The Ninth Circuit has held that a State Bar attorneys' fees and costs award is not subject to § 523(a)(7)'s discharge exception. State Bar of Cal. v. Taggart (In re Taggart), 249 F.3d 987 (9th Cir. 2000). However, the Ninth Circuit decision was based on the California disciplinary code which contained provisions materially different from those in the Texas Code. Id. The Ninth Circuit noted two salient features of the California code that made attorneys' fees and costs awards compensatory rather than penal: (1) the code contained a separate provision authorizing monetary "sanctions" independent of the provision authorizing awards of fees and costs; and (2) the code made attorneys' fees and costs awards mandatory rather than discretionary. Id. at 991-92. Neither of these features are present in the Texas Code. The Texas Code does not contain a section authorizing a monetary sanction independent of an attorneys' fees and costs sanction. The Texas provision also does not require an attorneys' fees and cost sanction, but leaves it to the trial court's discretion.
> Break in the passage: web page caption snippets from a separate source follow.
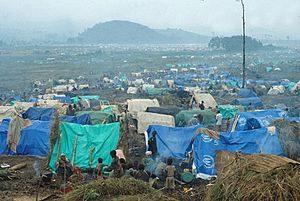 Archivo:Rwandan refugee camp in east Zaire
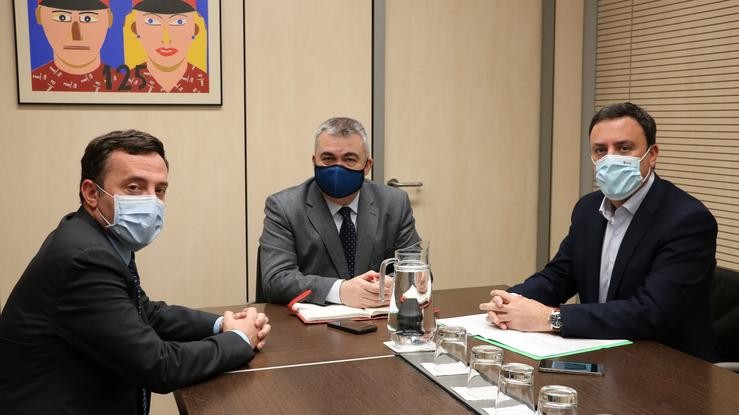 O secretario xeral do PSdeG, Valentín González Formoso, reúnese en Madrid co presidente de Navantia, Ricardo Domínguez, e o secretario de Organización do PSOE, Santos Cerdán. PSDEG 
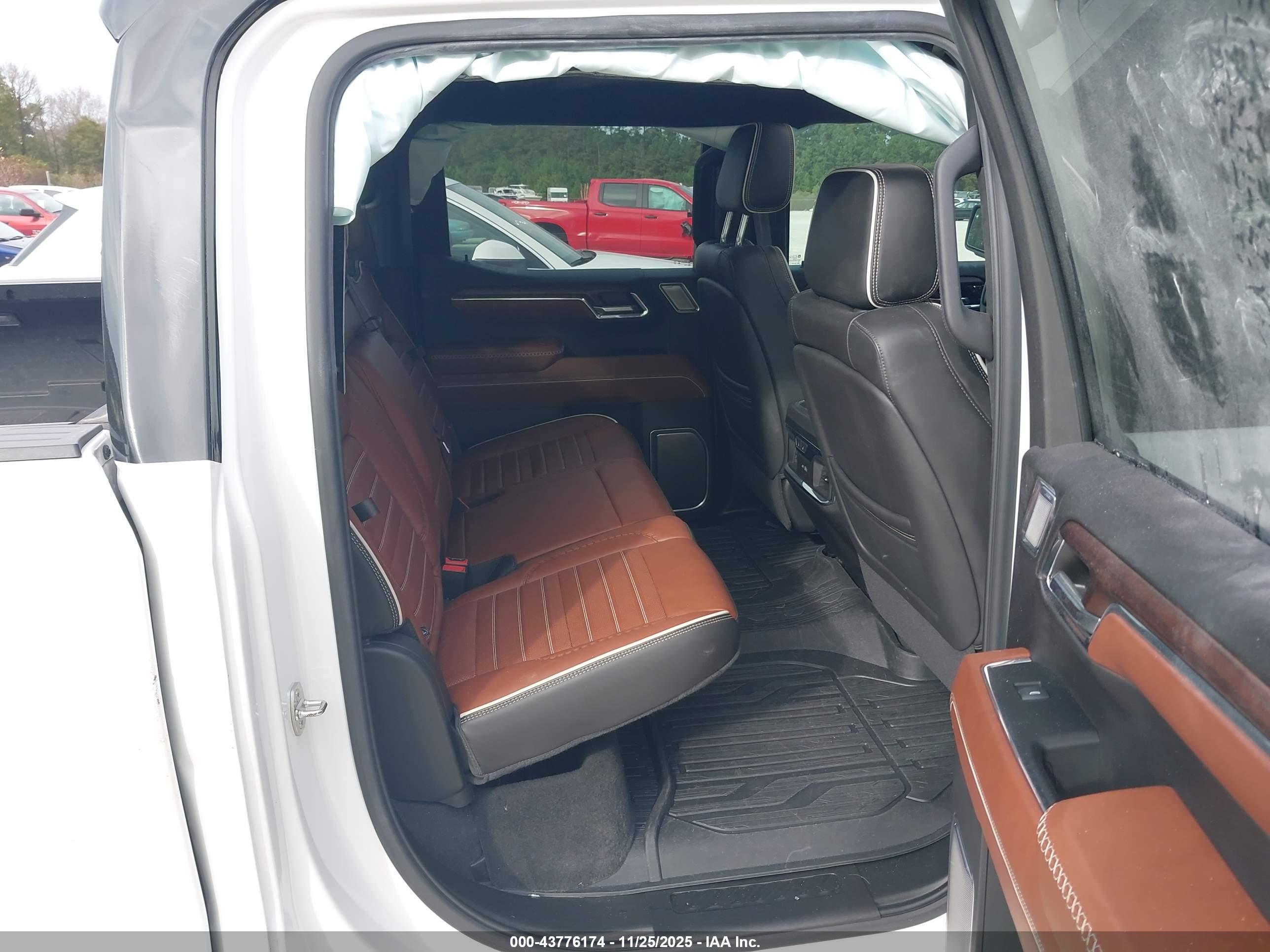 GMC SIERRA image 8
The Ninth Circuit Bankruptcy Appellate Panel recently reconsidered In re Taggart in light of legislative amendments to the California Code. The amendments including language that explicitly described the attorneys' fees and cost section as penal rather than compensatory. Findley v. State Bar of Cal. (In re Findley), 387 B.R. 260 (B.A.P. 9th Cir. 2008). The Panel held that the changed language did not affect the actual compensatory purpose of the provision. Accordingly, the Panel did not read the amended language as overturning the Taggart decision. Id. The amendments did not remove the section that authorized monetary sanctions in addition to attorneys' fees and costs or make attorneys' fees and costs awards discretionary rather than mandatory.
Conclusion
For the reasons set forth above, the Court finds that the Commission for Lawyer Discipline's judgment is non-dischargeable under § 523(a)(7). A separate judgment will be issued.